For more gardening tips, visit our gardening section here.


There’s plenty of more tips on our website but we’d love to hear your water saving journey this summer.


Share with us online on Twitter, Facebook or Instagram


Frequently Asked Questions
Why is this so important now?
We’re experiencing some of the hottest months of the year and more of us have been at home using more water than normal.


This means there’s been more handwashing, cooking and cleaning in our houses and paddling pools and hosepipe use in our gardens. With the warm weather, all of us also want to stay cool. Many of us aren’t travelling abroad this summer so there’s more of us using water at home too.


On average, we treat 470 million litres of water a day. We've been keeping the water flowing but in hot weather, demand soars so we've seen high peaks.


Sprinklers, hosepipes and paddling pools all require extreme large quantities of water.

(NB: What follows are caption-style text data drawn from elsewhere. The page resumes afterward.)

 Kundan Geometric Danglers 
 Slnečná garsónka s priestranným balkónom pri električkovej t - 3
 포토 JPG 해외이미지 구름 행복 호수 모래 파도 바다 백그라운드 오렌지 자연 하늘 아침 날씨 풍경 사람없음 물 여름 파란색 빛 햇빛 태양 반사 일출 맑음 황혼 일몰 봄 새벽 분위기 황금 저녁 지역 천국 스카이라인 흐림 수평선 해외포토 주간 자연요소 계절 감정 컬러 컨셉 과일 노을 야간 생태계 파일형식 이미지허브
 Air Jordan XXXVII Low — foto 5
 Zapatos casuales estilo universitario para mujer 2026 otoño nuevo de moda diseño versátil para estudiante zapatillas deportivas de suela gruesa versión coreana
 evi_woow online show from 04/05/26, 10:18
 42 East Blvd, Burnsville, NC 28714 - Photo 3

Plus everyone suddenly seems to be wanting to wash their car!


Water companies are asking everyone to please use water wisely. Please help us to keep the water flowing and save water.

Are we going to run out of water?
Water supplies in the region remain at healthy levels for this time of year.


We have no plans in place to implement any drought measures such as hosepipe bans, but it is good practice for everyone to use water wisely.

Are we using more water? Should I be worried?
We’ve seen an increase in demand for water recently, with both the warm weather and the coronavirus pandemic resulting in people spending more time at home, and using more water.

We’re used to managing demand and dry weather so we’re operating as normal and have tried and tested plans in place. This includes moving water around the network and topping up the network where we can.

However, we would ask our customers to work with us and use water wisely, so that we can continue to manage supplies and keep the water flowing.

Doesn’t water just fall from the sky? Did you not capture it over winter?
Our reservoirs capture and store raw rainwater.


However, a lot of work goes into turning rainwater into something we can safely drink and use. While our water supplies are at healthy levels, people are using water as quickly as we can treat it and transfer it into our network directly to our customers’ homes.

Why does my water taste different?
To help us manage our supplies and keep water flowing to you, we are moving water around the network.


This means that you might be receiving water from a different part of our network than you’re used to, however it is perfectly safe to drink.

How can I help?
You can help by using water wisely.


Small changes can make a big difference, from turning the tap off while brushing your teeth or cutting a minute off your morning shower.